ACCURACY OF NUMERICAL INVERSION OF LAPLACE TRANSFORMS FOR PHARMACOKINETIC PARAMETER-ESTIMATION

Numerical inversion of the Laplace transform is a useful technique for pharmacokinetic modeling and parameter estimation when the model equations can be solved in the Laplace domain but the solutions cannot be inverted back to the time domain. The accuracy of numerical inversion of the Laplace transform using an infinite series approximation due to Hosono was systematically studied by reference to 17 widely differing functions having known inverse transforms.
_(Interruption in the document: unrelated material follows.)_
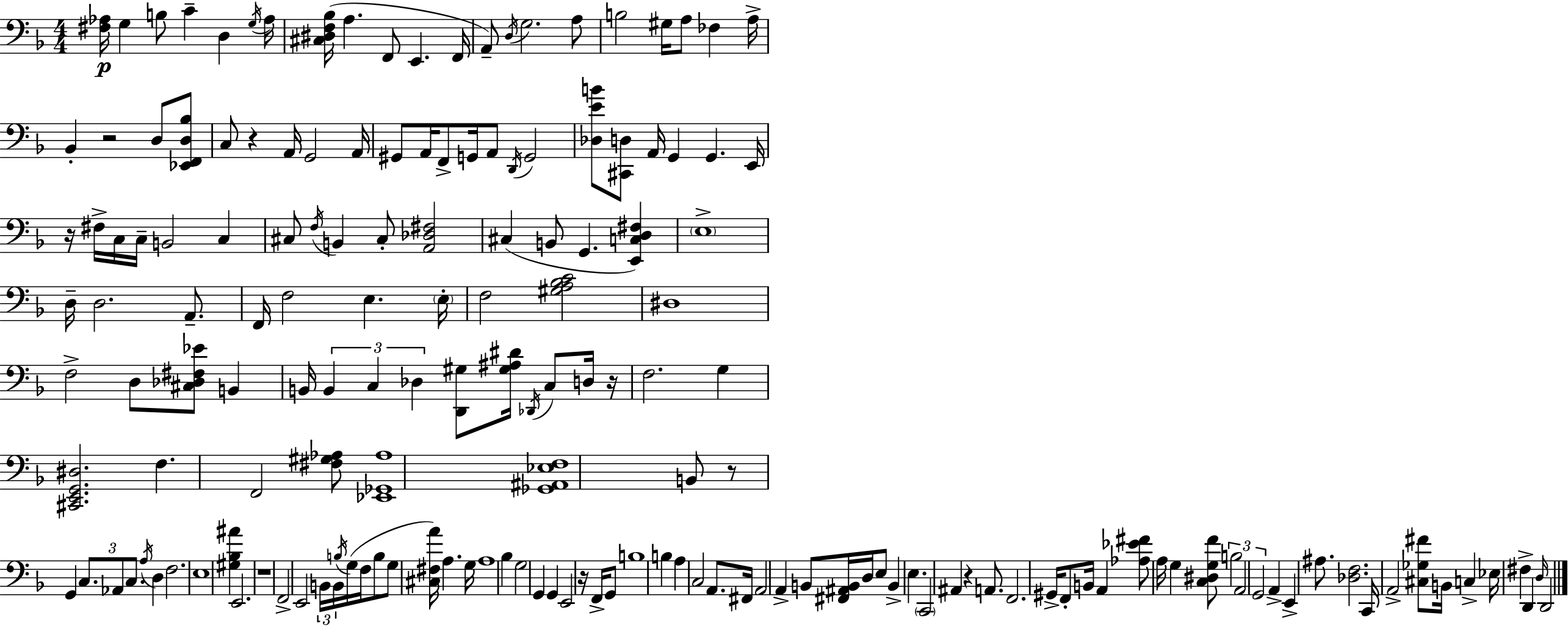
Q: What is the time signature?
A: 4/4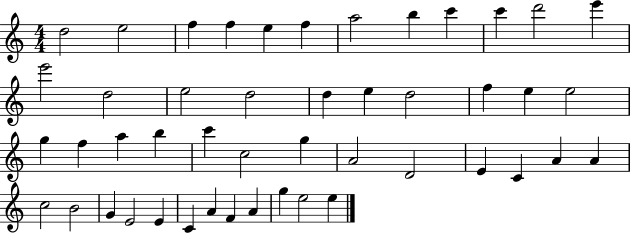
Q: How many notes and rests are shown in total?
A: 47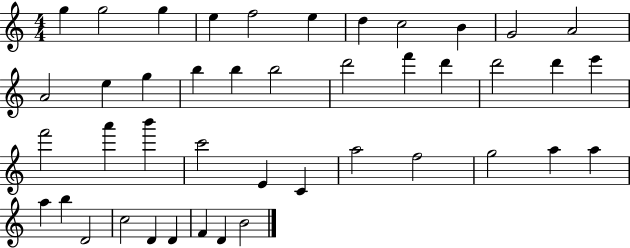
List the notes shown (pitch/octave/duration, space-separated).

The error of inversion was found to be very sensitive to the details of the computer implementation of the method; for example, double-precision arithmetic is essential. The method used to sum the series in the least-squares program MULTI(FILT) was often unable to achieve a relative error of less than 10(-4), and a Monte Carlo simulation showed that this method is insufficiently accurate for reliable least-squares parameter estimation. Improvements to the algorithm are described whereby a better method of applying Euler's transformation is used and the number of terms summed is determined automatically by the rate of convergence of the series. The improved algorithm is more efficient in inverting easy functions and more reliable in inverting difficult functions, especially those involving a time lag. With its use, pharmacokinetic parameter estimation can be performed with essentially the same accuracy as when the function is defined in the time domain.